RANDOLPH — His compelling story was shared, and when his name was announced, Jared Coppola received a standing ovation at Lantana’s, the function room filled with high school football coaches, players, friends, and family.

The dry eyes disappeared on Sunday night when Coppola lifted his right arm, gripped his courageous player award from the Massachusetts High School Football Coaches Association at their annual Hall of Fame dinner, and rested the plaque on his lap. The ability to move his own arm and control his fingers required four months of rehabilitation, but is just one of many strides the North Reading teen has taken since his life was dramatically altered last fall.

On Sept. 4, Coppola, a junior at St. John’s Prep in Danvers, arrived at varsity football practice and dressed for a scrimmage in Lynn and loaded onto the bus with the rest of his teammates, including his brothers, Tyler and Brandon. The ride was like any other: jokes and laughter and predictions about the upcoming season.
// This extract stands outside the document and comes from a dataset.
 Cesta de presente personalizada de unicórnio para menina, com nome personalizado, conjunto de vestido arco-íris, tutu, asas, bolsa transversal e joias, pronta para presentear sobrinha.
The triplets sat near one another, as always, chatting about what they wanted for dinner that night.

Jared Coppola finally returned home for that dinner four months later.  On that September evening, with his parents, Skip and Dawn, watching from the stands, Coppola suffered a severe spinal cord injury to one of his vertebrae after making a tackle on a Lynn English receiver. He was paralyzed from the shoulders down.

The injury came less than a year after Brandon Coppola cracked the same vertebra in a junior varsity scrimmage. His damage was not as severe; no surgery was required, there was no nerve damage or paralysis. He underwent months of physical therapy and was forced to give up football. But he plays on the varsity baseball team at Prep. Tyler Coppola continues to play football.

All three Coppola brothers received the Paul Costello Courageous Player Award on Sunday night, the first time the coaches association has honored a non-senior. Erik Ciocca of Masconomet Regional and Sam Frey of Wakefield were among the seven senior recipients from Eastern Massachusetts.

“It was a no-brainer,’’ said Costello, a former coach at Boston Latin and current treasurer of the coaches’ association. “The Coppola family took a very bad situation and turned it into a pretty inspirational story. There was no way that they wouldn’t receive this award.’’  Dawn Coppola was also honored with an award to celebrate and recognize her strength and resiliency after watching two of her three triplets suffer such devastating injuries.

“The award was definitely for the entire family, because of the trauma they suffered two years in a row and to see how they’ve persevered through it,’’ said St. John’s head football coach Jim O’Leary. “Brandon is back to sports, but can never play football again. Jared was paralyzed and is reworking his entire body to learn how to use his arms and walk again.’’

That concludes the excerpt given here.